• **What is needed**:
Nothing in the records should differ when they are repeated. Restate them word for word.

........

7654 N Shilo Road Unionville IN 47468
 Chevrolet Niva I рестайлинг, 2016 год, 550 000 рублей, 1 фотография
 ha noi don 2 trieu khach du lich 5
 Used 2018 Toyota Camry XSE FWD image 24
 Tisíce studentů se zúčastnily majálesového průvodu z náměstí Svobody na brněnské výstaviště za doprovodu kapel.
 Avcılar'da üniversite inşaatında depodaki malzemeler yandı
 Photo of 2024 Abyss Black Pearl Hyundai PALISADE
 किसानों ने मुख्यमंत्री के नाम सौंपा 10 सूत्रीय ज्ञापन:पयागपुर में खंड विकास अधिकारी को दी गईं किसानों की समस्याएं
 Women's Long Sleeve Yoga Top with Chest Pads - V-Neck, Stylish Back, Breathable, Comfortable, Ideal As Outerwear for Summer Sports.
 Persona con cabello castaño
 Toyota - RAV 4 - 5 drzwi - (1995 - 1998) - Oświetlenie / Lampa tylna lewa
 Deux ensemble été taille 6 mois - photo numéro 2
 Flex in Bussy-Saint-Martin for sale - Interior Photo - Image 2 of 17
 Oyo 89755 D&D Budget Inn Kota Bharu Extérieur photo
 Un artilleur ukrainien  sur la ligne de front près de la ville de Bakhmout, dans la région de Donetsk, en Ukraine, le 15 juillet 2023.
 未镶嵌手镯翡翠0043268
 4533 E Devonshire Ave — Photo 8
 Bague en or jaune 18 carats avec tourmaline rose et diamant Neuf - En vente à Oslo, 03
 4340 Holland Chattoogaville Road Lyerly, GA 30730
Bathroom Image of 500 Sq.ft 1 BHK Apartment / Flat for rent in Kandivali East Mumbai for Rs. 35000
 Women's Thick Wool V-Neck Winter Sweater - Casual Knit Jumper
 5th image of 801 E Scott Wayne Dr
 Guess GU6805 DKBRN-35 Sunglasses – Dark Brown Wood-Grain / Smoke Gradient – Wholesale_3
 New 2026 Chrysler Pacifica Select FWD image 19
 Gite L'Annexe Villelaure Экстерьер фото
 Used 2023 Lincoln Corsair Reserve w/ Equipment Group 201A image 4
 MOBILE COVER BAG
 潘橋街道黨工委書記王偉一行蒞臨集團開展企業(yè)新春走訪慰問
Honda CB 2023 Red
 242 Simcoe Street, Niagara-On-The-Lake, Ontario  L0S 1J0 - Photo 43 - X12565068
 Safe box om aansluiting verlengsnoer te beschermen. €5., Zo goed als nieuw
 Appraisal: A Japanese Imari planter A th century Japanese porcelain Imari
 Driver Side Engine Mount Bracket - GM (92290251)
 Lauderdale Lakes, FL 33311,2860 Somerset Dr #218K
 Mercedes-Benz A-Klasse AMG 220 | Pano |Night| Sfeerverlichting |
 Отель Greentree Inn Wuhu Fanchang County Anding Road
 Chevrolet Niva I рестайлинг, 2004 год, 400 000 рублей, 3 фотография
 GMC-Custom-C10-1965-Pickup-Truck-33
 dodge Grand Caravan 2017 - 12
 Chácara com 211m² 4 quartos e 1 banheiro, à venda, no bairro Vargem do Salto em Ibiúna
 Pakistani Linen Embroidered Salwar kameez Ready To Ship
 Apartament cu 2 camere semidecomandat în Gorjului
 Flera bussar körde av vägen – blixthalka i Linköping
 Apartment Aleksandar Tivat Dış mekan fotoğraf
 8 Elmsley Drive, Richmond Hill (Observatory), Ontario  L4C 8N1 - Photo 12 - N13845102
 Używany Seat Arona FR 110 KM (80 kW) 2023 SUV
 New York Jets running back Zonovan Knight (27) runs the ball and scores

........

• **Solution to the problem**:
7654 N Shilo Road Unionville IN 47468
 Chevrolet Niva I рестайлинг, 2016 год, 550 000 рублей, 1 фотография
 ha noi don 2 trieu khach du lich 5
 Used 2018 Toyota Camry XSE FWD image 24
 Tisíce studentů se zúčastnily majálesového průvodu z náměstí Svobody na brněnské výstaviště za doprovodu kapel.
 Avcılar'da üniversite inşaatında depodaki malzemeler yandı
 Photo of 2024 Abyss Black Pearl Hyundai PALISADE
 किसानों ने मुख्यमंत्री के नाम सौंपा 10 सूत्रीय ज्ञापन:पयागपुर में खंड विकास अधिकारी को दी गईं किसानों की समस्याएं
 Women's Long Sleeve Yoga Top with Chest Pads - V-Neck, Stylish Back, Breathable, Comfortable, Ideal As Outerwear for Summer Sports.
 Persona con cabello castaño
 Toyota - RAV 4 - 5 drzwi - (1995 - 1998) - Oświetlenie / Lampa tylna lewa
 Deux ensemble été taille 6 mois - photo numéro 2
 Flex in Bussy-Saint-Martin for sale - Interior Photo - Image 2 of 17
 Oyo 89755 D&D Budget Inn Kota Bharu Extérieur photo
 Un artilleur ukrainien  sur la ligne de front près de la ville de Bakhmout, dans la région de Donetsk, en Ukraine, le 15 juillet 2023.
 未镶嵌手镯翡翠0043268
 4533 E Devonshire Ave — Photo 8
 Bague en or jaune 18 carats avec tourmaline rose et diamant Neuf - En vente à Oslo, 03
 4340 Holland Chattoogaville Road Lyerly, GA 30730
Bathroom Image of 500 Sq.ft 1 BHK Apartment / Flat for rent in Kandivali East Mumbai for Rs. 35000
 Women's Thick Wool V-Neck Winter Sweater - Casual Knit Jumper
 5th image of 801 E Scott Wayne Dr
 Guess GU6805 DKBRN-35 Sunglasses – Dark Brown Wood-Grain / Smoke Gradient – Wholesale_3
 New 2026 Chrysler Pacifica Select FWD image 19
 Gite L'Annexe Villelaure Экстерьер фото
 Used 2023 Lincoln Corsair Reserve w/ Equipment Group 201A image 4
 MOBILE COVER BAG
 潘橋街道黨工委書記王偉一行蒞臨集團開展企業(yè)新春走訪慰問
Honda CB 2023 Red
 242 Simcoe Street, Niagara-On-The-Lake, Ontario  L0S 1J0 - Photo 43 - X12565068
 Safe box om aansluiting verlengsnoer te beschermen. €5., Zo goed als nieuw
 Appraisal: A Japanese Imari planter A th century Japanese porcelain Imari
 Driver Side Engine Mount Bracket - GM (92290251)
 Lauderdale Lakes, FL 33311,2860 Somerset Dr #218K
 Mercedes-Benz A-Klasse AMG 220 | Pano |Night| Sfeerverlichting |
 Отель Greentree Inn Wuhu Fanchang County Anding Road
 Chevrolet Niva I рестайлинг, 2004 год, 400 000 рублей, 3 фотография
 GMC-Custom-C10-1965-Pickup-Truck-33
 dodge Grand Caravan 2017 - 12
 Chácara com 211m² 4 quartos e 1 banheiro, à venda, no bairro Vargem do Salto em Ibiúna
 Pakistani Linen Embroidered Salwar kameez Ready To Ship
 Apartament cu 2 camere semidecomandat în Gorjului
 Flera bussar körde av vägen – blixthalka i Linköping
 Apartment Aleksandar Tivat Dış mekan fotoğraf
 8 Elmsley Drive, Richmond Hill (Observatory), Ontario  L4C 8N1 - Photo 12 - N13845102
 Używany Seat Arona FR 110 KM (80 kW) 2023 SUV
 New York Jets running back Zonovan Knight (27) runs the ball and scores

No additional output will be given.